During studies performed by the FDA, all the patients had a Mayo score between 6 and 12.  The study found that 16.5 percent to 18.5 percent of the patients being treated with Humira went into clinical remission compared to only 9.2 percent to 9.3 percent going into remission while receiving a placebo. 

The first dose of Humira starts at 160 milligrams, and a second dose of 80 mg lasts for two weeks.  Then, a maintenance dose of 40 mg is used every other week.  Patients should only continue the drug if they show evidence of remission by 8 weeks. 

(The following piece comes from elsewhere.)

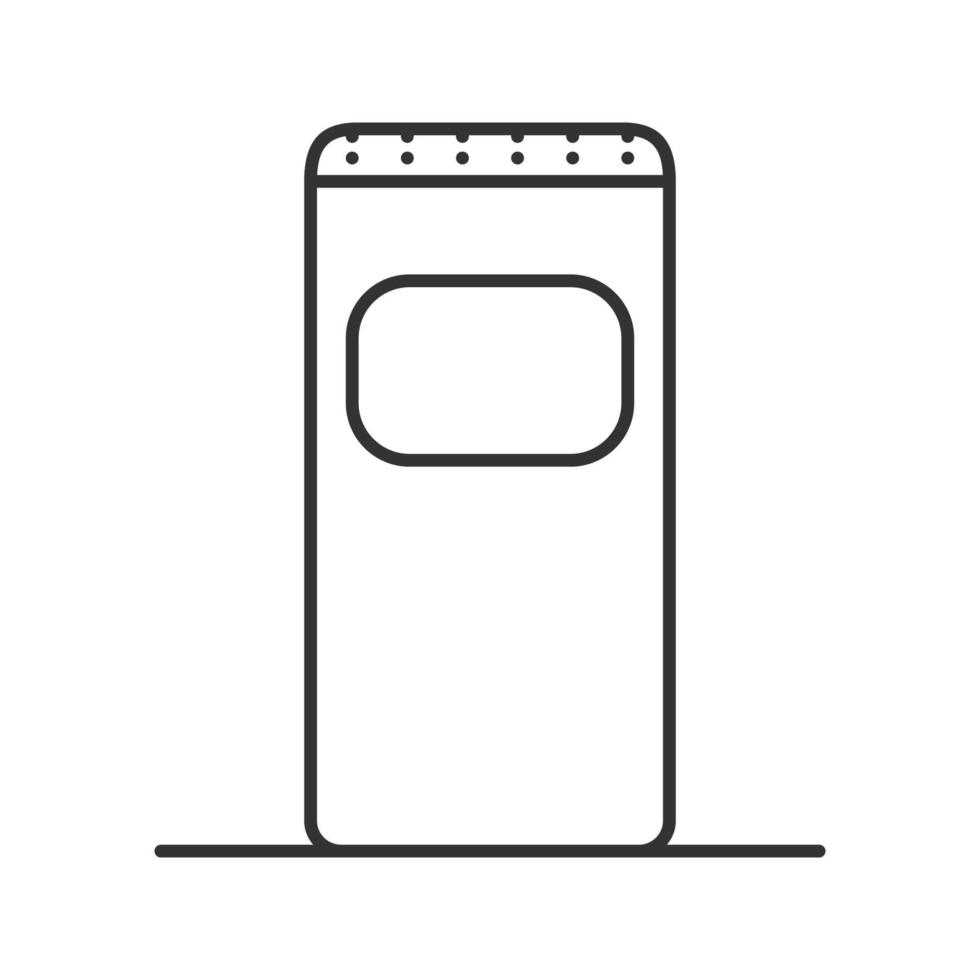 Garbage bin linear icon. Thin line illustration. Trash can. Waste container. Contour symbol. Vector isolated outline drawing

The common side effects of Humira include infections, reactions at the injection site, rash, and headaches. 

Donna Griebel, the director of the Division of Gastroenterology and Inborn Errors Products, states: “Each patient with ulcerative colitis experiences the diseases differently, and treatment must be adjusted to meet each individual’s needs.  Today’s approval provides an important new treatment option for patients who have has an inadequate response to conventional therapy.”